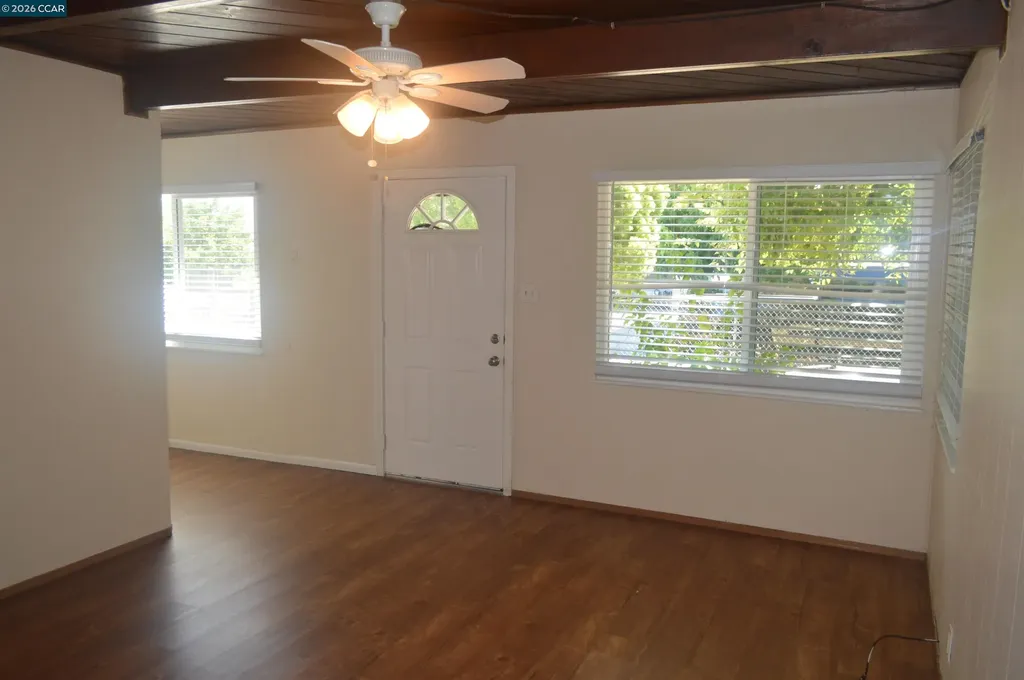 47 Harbor Drive Bay Point CA 94565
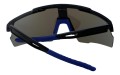 Polarzone 483-10 tył.jpg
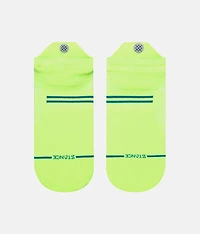 Run Light INFIKNIT Socks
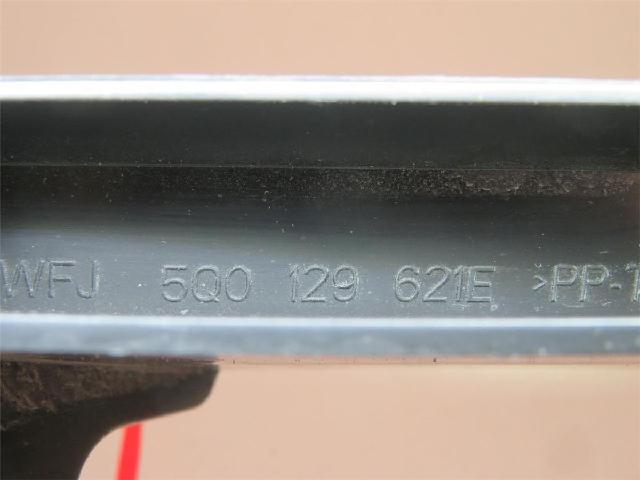 Luftstyring Front – bilde 3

###

The preceding listing must be repeated exactly, with all images dropped.

| Response to the exercise |
 47 Harbor Drive Bay Point CA 94565
 Polarzone 483-10 tył.jpg
 Run Light INFIKNIT Socks
 Luftstyring Front – bilde 3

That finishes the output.